New India Assurance IPO – INR9,585.82 crore
Issue dates: 1 – 3 November 2017
Issue size: 120,000,000 shares
Price: INR770 – 800 per share (discount of INR30 per share for retail investors)
Listing date: 13 November 2017
Listing price on NSE: INR750 per share (down 2.59% from IPO price for retail investors)
Closing price on NSE: INR727.1 per share (down 5.57% from IPO price for retail investors)
While there are brilliant examples of Coal India and ONGC in wealth creation, New India Assurance IPO reminded investors that not all PSU IPOs are good. 2017 saw five insurance IPOs and barring HDFC Standard Life, all other IPOs had subdued listing. As a result, investors were not particularly enthused by New India Assurance IPO and it reflected in the way HNI, retail and employee categories remained undersubscribed. Even though the IPO sailed through on the basis of QIB demand, listing was lackluster as the stock opened at INR750 and nosedived to INR727.1 per share by the end of the day.
Once again, the damage was limited for retail investors, thanks to the discount. However, more painful days were ahead for investors who chose to stay put as the stock lost further ground to INR580.1 per share within four weeks. In this timeframe, the IPO was the worst performer in 2017.
DLF IPO – INR9,187.5 crores
Issue dates: 11 – 14 June 2007
Issue size: 175,000,000 shares
Price: INR500 – 550 per share
Listing date: 5 July 2007
Listing price on NSE: INR 526.6 per share (up 0.30% from IPO price)
Closing price on NSE: INR 569.8 per share (up 8.53% from IPO price)
The New Delhi-based real estate developer came up with its IPO in June 2007. It was a high point for the company that was started in 1946 and started its journey from developing small residential projects like Shivaji Park but went on to shape pretty much all of Gurgaon (Gurugram). The company priced the IPO at INR525 per share – the midpoint of the book building range. The IPO was subscribed 3.47 times even though retail and employee portions remained undersubscribed.
On listing, DLF shares spiked to as much as 35% and closed the day with 8.5% gains on allotment price. The IPO made DLF promoter KP Singh one of the richest people in India. Real estate has since lost much of its sheen and the company also suffered due to a three-year ban imposed on KP Singh by SEBI.
HDFC Standard Life Insurance IPO – INR8,695.01 crore
Issue dates: 7 – 9 November 2017
Issue size: 299,827,818 shares
Price: INR275 – 290 per share
Listing date: 17 November 2017
Listing price on NSE: INR310 per share (up 6.89% from IPO price)
Closing price on NSE: INR344.6 per share (up 18.82% from IPO price)
The latest entry in the list of all-time largest IPOs in India is HDFC Standard Life Insurance and the offer was one of the few insurance IPOs that performed well in 2017. The brand name of HDFC did wonders for the IPO while other quality names like SBI Life Insurance failed to get a positive start. The company priced the IPO at the upper end of the price band and did not offer any discount to retail investors.

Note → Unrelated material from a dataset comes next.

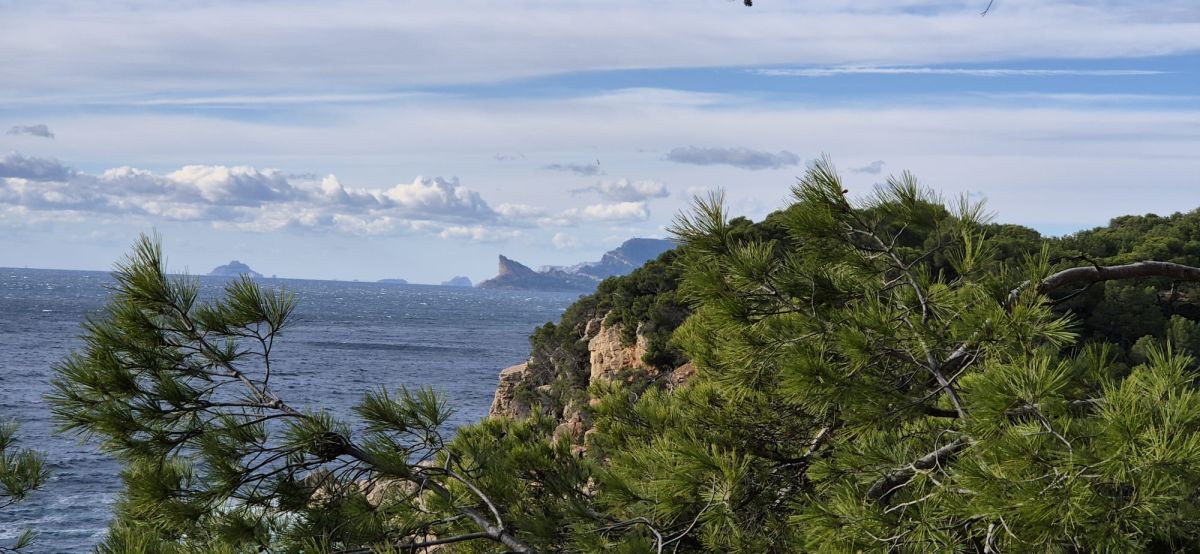 138c8a95-45a6-4ff6-b21e-7174f9721a9b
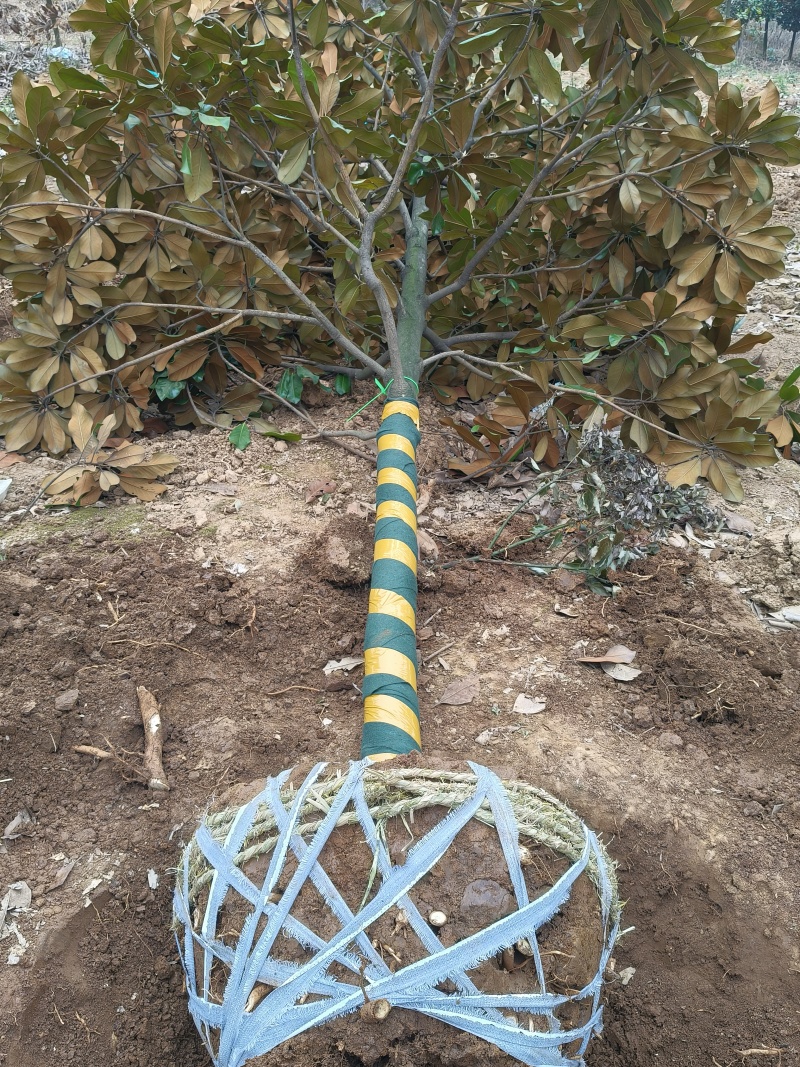 广玉兰胸径10公分，基地有量，欢迎来一亩田订购。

HDFC Standard Life performed in line with high expectations as the best insurance play in India and shares spiked to close the day with gains of 18.8%.

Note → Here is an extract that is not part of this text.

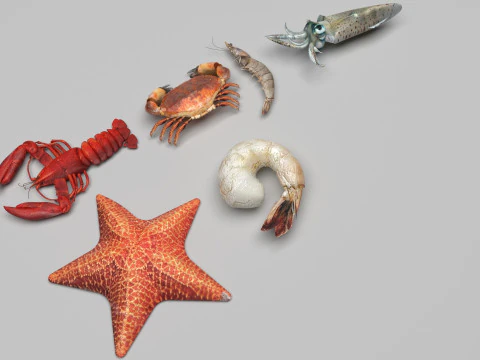 Makhluk Laut Ditetapkan Model 3D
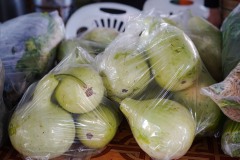 DSC01006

As one can see, three of the largest IPOs in India entered this list in 2017. Likewise, this list is expected to be revised in 2018 and in the years thereafter. A good example would be the National stock Exchange (NSE) which has been slow in coming up with its offer but once the IPO is launched, the INR10,000 crore issue is expected to find itself in the list.